Friday, May 11, 2007

A much better QC test

So as you can tell, I don’t like MFI much as a QC test. Another less common test is IV – which in this case means inherent viscosity. Polyesters are commonly spec’ed on this basis. Here again, running the test at two different conditions can provide a huge increase in the data and what you can conclude from it.

Background: This test is also run with the polymer flowing through a capillary, but with big differences. First off, the capillary is glass. (A variety of different glasses are available each with different advantages and disadvantages.) Also, instead of being a melt (100% polymer), the polymer is dissolved in a solvent and the concentration is so low that each polymer molecule does not interact with any other one because the distance between them is greater than the size of the molecules. The polymer solutions flows down under the pull of gravity and a stopwatch is used to measure the time that it takes for a certain volume of fluid to drain.
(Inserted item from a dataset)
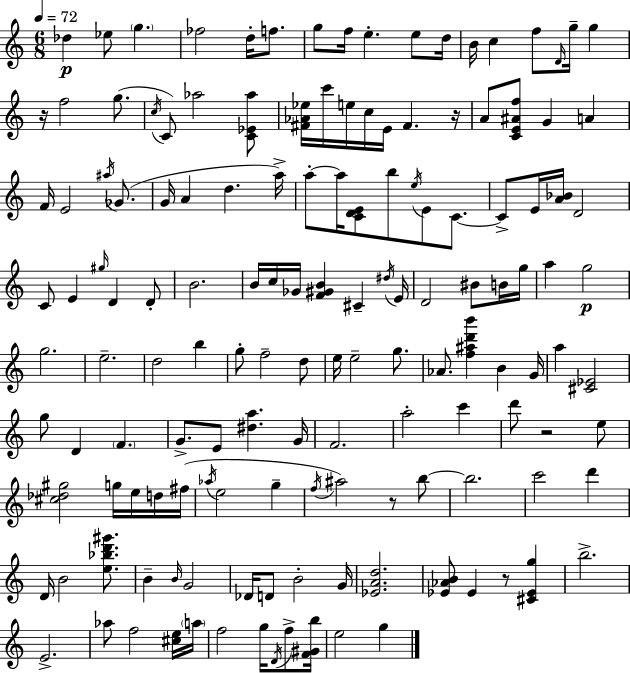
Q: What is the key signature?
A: A minor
The same measurement is also made for the pure solvent. It’s a very easy test to run – I’ve had high school students get fantastic results – and even automated systems exist. End of Background

The ratio of the drain time for the polymer solution divided by the drain time for pure solvent is the relative viscosity. Take the natural log of this, divide it by the concentration and you have the IV. There also another “IV” which is called the intrinsic viscosity (Inherent/intrinsic viscosity – very confusing. I didn’t name these things, I just live with them.) The intrinsic viscosity is found by rerunning the inherent viscosity at a different concentration and then extrapolating the inherent viscosity to zero concentration. The neat thing is that this can be self correcting by doing a second set of independent calculations. Going back to the relative viscosity, subtracting “1” from it gives you the specific viscosity. Dividing this by the concentration gives you the reduced viscosity. Extrapolating the reduced viscosity to zero concentration also gives you the intrinsic viscosity. (The IV line has a negative slope while the reduced viscosity line has a positive slope. If they don’t cross at the y axis, something is wrong with the test.)

Like the MFI, measuing IV at just one point is of dubious value, as there are a large number of lines that can be drawn through that point. I know that it is an infinite number of lines, but for practical purposes, it is much less than this. First we know that the lines have to have a negative slope. Also, intrinsic viscosity is determined to two decimal places, so lines that lead to changes in the intrinsic viscosity of less than 0.01 are of grouped together. Nonetheless, there still is a large number of lines that can be drawn though a single IV measurement. Having a second IV measurement lets you calculate the slope AND the intrinsic viscosity AND also lets you calculate the reduced viscosity line too. All that from a second measurement. It's a heckofa deal.!

The intrinsic viscosity is magical. Despite being a measurement made at infinite dilution (commonly called “a single molecule in a sea of solvent”), you can actually learn much about the melt properties of the polymer. But that will have to wait for the next post.

3 comments:

Unknown said...

nice article!
i just have a question relating to the lab we did: can intrinsic viscosity be negative and what is the reason for it?

John said...

It certainly can be negative. This link is to the first page of research paper on the subject.

I'm not real familiar with this area. I would argue that you really are going outside the theoretical basis with these results and that trying to fit them to the theory is not going to be helpful. Physically, I woudl expect that the polymer is reducing the viscosity of the solvent, probably by breaking up hydrogen bonds or other polar-polar interactions between the solvent molecules.

Whatever the explanation is, it does raise this question on the other side: is there a similar effect that "artifically" increases the viscosity of the solvent but it is not "detected" since it is expected and "explained" that all the viscosity increases are due to the hydrodynamic radius of the polymer

Anonymous said...

I don't know what I did wrong, but my inherent viscosity has a positive slope, what did I do wrong?